2. Importance of Sodium and Ideal Composition

Sodium chloride (common salt) is an anionic compound with an extracellular fluid concentration adjusted to about 135–145 mmol/L [12]. More specifically, sodium is the main cation in extracellular fluid [13] with a multitude of benefits for both the general population and the sporting world, such as contributing to the release of digestive secretions and controlling the absorption of certain nutrients (amino acids, glucose, galactose and water) [12,14]. In addition, it ensures sufficient blood volume, blood pressure and, ultimately, organ perfusion [15]. In addition to its importance in terms of regulating water and fluid balance [16], it is vital for the stimulation of muscle and nerve cells and is also involved in the control of the acid–base balance [17]. In the sport section, sodium helps to maintain serum electrolyte concentrations resulting in a balance of intravascular osmotic pressure and plasma volume [18]. It increases the thirst stimulus and reduces the amount of urine produced [19], effects that ultimately reduce physical fatigue and medical problems associated with these homeostatic imbalances in endurance sports [20]. However, attention should be paid to excess sodium, which contributes to high blood pressure and damage to certain organs such as the heart, kidneys and bones [21]. In contrast, a low intake has been associated with an increased risk of cardiovascular events and death, independent of blood pressure levels [22,23].

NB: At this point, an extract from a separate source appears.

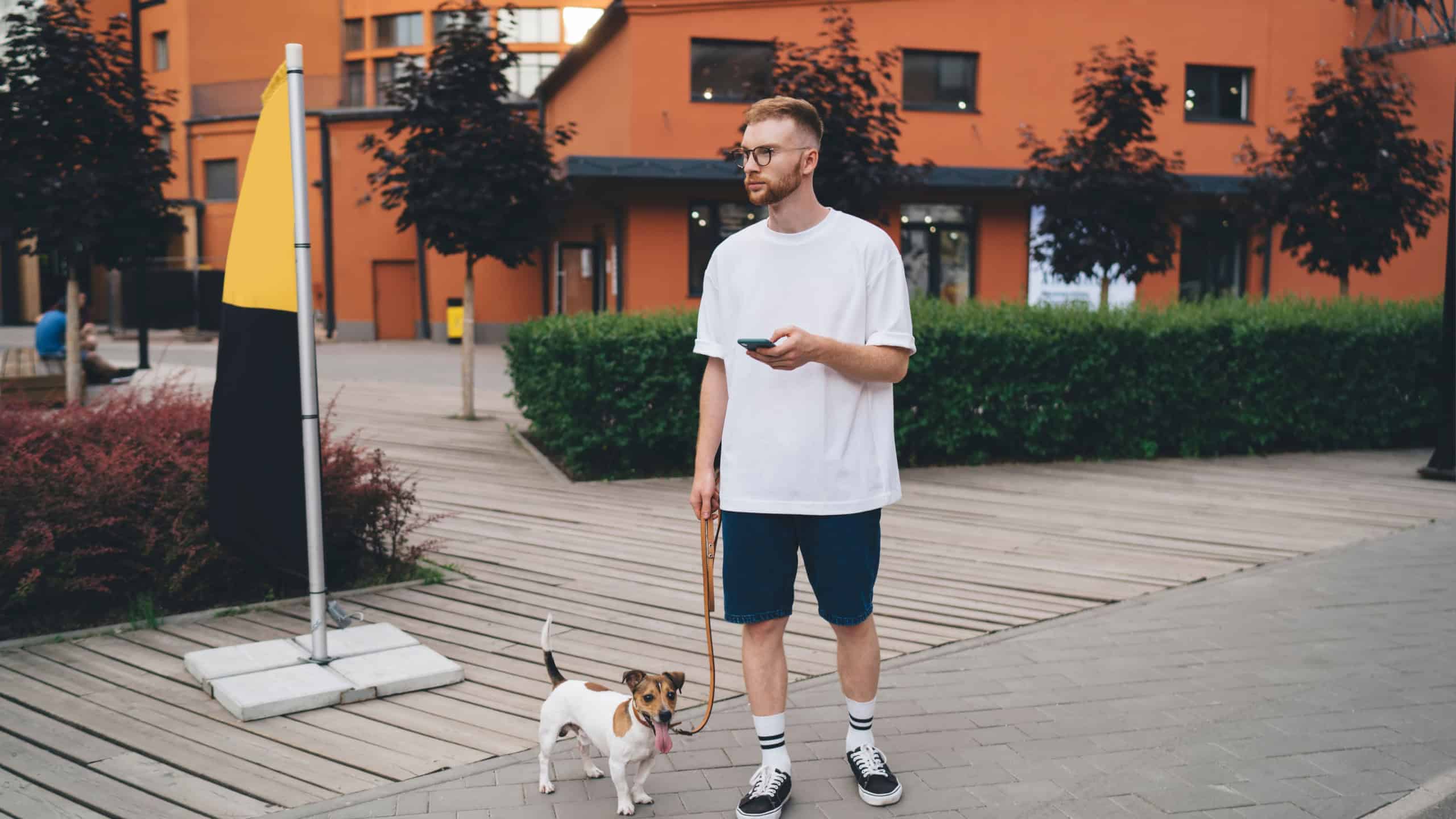 Full body of young guy in white t shirt and black shorts holding smartphone and leash with dog while looking away and standing on walkway of modern town street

3. Effects of Sodium Consumption

3.1. Very Low Sodium Consumption

There are studies [23,24] that show that even low sodium intake may not always be beneficial for the treatment of cardiovascular disease. Low sodium intake has been associated with an increased risk of cardiovascular events and death, independent of blood pressure levels [22,24]. In the study by Mente and colleagues, it was found that urinary sodium excretion of less than 3 g per day did not further reduce systolic blood pressure but actually tended to increase diastolic blood pressure in people with or without hypertension [25]. In both normotensive and hypertensive individuals, low sodium intake can cause insulin resistance and an increase in plasma or serum levels of renin, aldosterone, epinephrine and norepinephrine [22,26]. Subsequently, in the reviews by Yin et al. [27] and Van Horn et al. [28], it appears that sodium consumption of 0.5–1.0 g per day is attributed as an optimal physiological intake, in contrast to those of Mente et al. [29] and Mente et al. [25] where concerns have been raised about potential negative health effects due to a reduction in intake below the average global consumption level. These concerns mainly come from prospective observational studies [25,30], some of which report associations between sodium intake and cardiovascular disease [31,32]. Individuals reporting low levels of sodium intake are often patients with a history of disease who have been advised to reduce sodium. Among these individuals, there may be an increased risk resulting from concomitant disease leading to adverse cardiovascular outcomes rather than low sodium intake [25,29].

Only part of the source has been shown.